Danny was to be interred in the mausoleum, and it was my first time in such a place. Danny's final resting place was at the top level of one of the walls, and the casket was going to need to be lifted up by his family members via a scaffold-stairway that looked secure enough, except that this part of the wall was on an incline. We were nervous as we looked at this arrangement, wondering how easy it was going to be to safely get the casket into the tomb amidst the growing crush of mourners. Santi and I held back a bit with Fabian as I figured out the chords for a well-known Spanish chorus that Fabian suggested for when the time came.
After several minutes of waiting, the family arrived, Danny's casket on the shoulders of 8 of his brothers, relatives and friends. You could hear
the wailing echoing down the white halls as they wound down the circular ramp ways, and there was a
growing sense of anguish and dread as they approached the scaffold.

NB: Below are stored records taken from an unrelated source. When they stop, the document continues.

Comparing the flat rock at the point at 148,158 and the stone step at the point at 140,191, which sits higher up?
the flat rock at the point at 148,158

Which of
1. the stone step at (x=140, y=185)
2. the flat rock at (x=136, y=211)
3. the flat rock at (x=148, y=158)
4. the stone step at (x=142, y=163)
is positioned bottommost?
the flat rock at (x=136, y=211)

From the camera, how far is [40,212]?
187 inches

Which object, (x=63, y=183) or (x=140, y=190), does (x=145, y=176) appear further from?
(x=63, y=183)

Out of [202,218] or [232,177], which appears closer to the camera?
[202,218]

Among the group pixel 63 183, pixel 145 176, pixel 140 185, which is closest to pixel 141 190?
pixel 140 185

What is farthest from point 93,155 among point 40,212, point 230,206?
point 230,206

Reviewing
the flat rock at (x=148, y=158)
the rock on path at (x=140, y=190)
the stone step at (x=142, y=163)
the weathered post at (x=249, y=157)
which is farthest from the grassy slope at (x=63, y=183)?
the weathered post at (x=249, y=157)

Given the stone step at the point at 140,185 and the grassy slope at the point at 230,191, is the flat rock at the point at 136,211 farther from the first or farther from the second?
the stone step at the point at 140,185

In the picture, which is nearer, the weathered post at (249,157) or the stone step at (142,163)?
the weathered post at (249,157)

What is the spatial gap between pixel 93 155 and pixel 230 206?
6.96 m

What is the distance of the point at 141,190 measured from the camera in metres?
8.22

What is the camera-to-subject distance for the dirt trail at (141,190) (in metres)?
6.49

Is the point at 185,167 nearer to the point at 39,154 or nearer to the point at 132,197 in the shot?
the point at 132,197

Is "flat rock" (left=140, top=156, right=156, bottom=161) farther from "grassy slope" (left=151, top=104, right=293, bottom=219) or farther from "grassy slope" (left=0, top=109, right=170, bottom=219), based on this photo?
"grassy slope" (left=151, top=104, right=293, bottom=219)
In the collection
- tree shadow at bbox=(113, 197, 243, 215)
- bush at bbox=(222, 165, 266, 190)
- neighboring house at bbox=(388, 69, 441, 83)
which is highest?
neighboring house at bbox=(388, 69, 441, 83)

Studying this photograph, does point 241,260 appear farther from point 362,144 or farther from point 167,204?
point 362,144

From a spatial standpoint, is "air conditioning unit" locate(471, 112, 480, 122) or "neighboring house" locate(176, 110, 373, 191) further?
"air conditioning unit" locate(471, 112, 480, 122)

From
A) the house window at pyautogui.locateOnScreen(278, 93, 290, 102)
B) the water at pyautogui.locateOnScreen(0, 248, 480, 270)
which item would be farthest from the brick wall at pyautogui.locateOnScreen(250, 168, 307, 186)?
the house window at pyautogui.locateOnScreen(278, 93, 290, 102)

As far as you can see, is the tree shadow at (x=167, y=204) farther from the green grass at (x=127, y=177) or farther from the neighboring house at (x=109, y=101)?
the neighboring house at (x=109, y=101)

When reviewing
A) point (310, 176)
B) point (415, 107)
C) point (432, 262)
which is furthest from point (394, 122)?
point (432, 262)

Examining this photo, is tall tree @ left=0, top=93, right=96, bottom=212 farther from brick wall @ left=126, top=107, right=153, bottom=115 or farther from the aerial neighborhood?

This was when everything really
broke. Everyone began to cry and
wail as the casket was carefully but precariously lifted up onto the stairs. At this moment a couple of the family members began shrieking and pushing towards the casket, not wanting to let go. There was a real moment of near hysteria and I saw Fabian and Grace and other members of the family trying to restrain and comfort those who were in utter anguish. Everything was made all the more intense with the
precarious position the scaffolding
was in, plus the fact that the ramp way had a 12-foot drop on one side with only a 1-foot abutment. If anyone had lost their balance, we would have had a serious injury on our hands.

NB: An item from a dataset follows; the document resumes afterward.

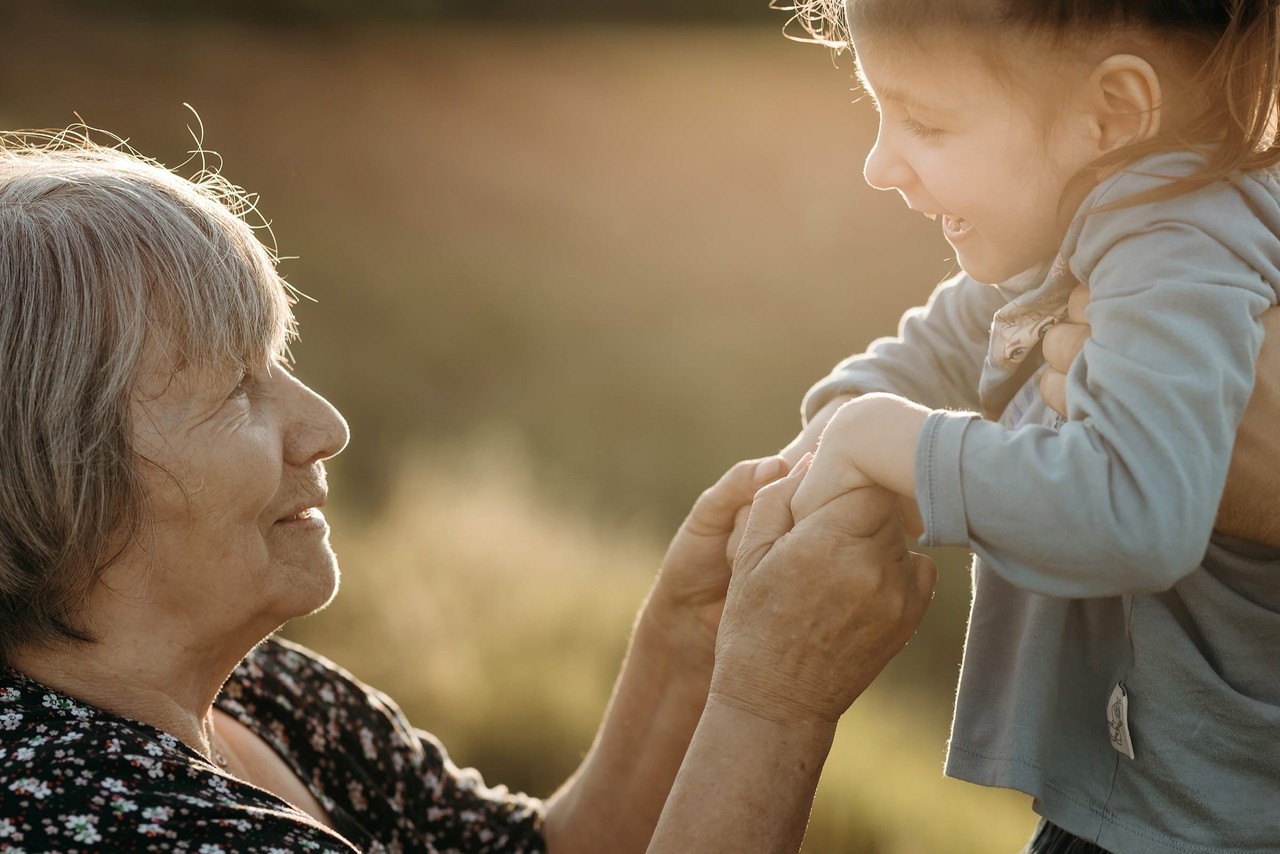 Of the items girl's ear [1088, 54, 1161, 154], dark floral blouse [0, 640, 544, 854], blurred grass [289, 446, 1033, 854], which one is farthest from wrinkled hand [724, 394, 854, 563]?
blurred grass [289, 446, 1033, 854]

My heart, all of our hearts, went out to the family in those moments. Canadian funerals, at least in my family and culture, are rather subdued affairs. I was not prepared for the anguish, the screams, the hand-wringing, and the intense yelling as at one point one of Danny's sisters had to be physically restrained.
In that moment, I recalled the
story of Lazarus, and of Jesus, when He finally approached the tomb
of His dear friend, and how it says "Jesus wept", but we understand it to mean He cried out in deepest anguish.
It is one of the most moving records of Jesus, in His humanity, feeling the very same desolation in the face of death that we do, that these dear ones were feeling in the last moments they had with what remained of a dear brother, son and friend.
The casket was somehow safely lifted, hoisted, turned and then slid into the hole in the wall, and a worker immediately stepped up, placed the white sealing stone and mortared it into place. In this mausoleum, some seals are ornately designed headstones with sculptured or painted portraits of Jesus, Mary or even the deceased themselves as they would be remembered by their families. Rocio and her family are not in any way well-off, so his headstone is simple white with his name roughly stenciled in black. It is up at a the top of the wall, they won't easily be able to touch it, or leave flowers or pictures or other mementoes as the years go by without someone getting them a ladder.
We wept. I believe Jesus wept along with us in that moment. I believe he feels for this family that has endured so much for so long, with
not much comfort in sight. And yet we also believe that because Jesus lives, there is yet hope for Danny, for Rocio, for the family, and for all of us.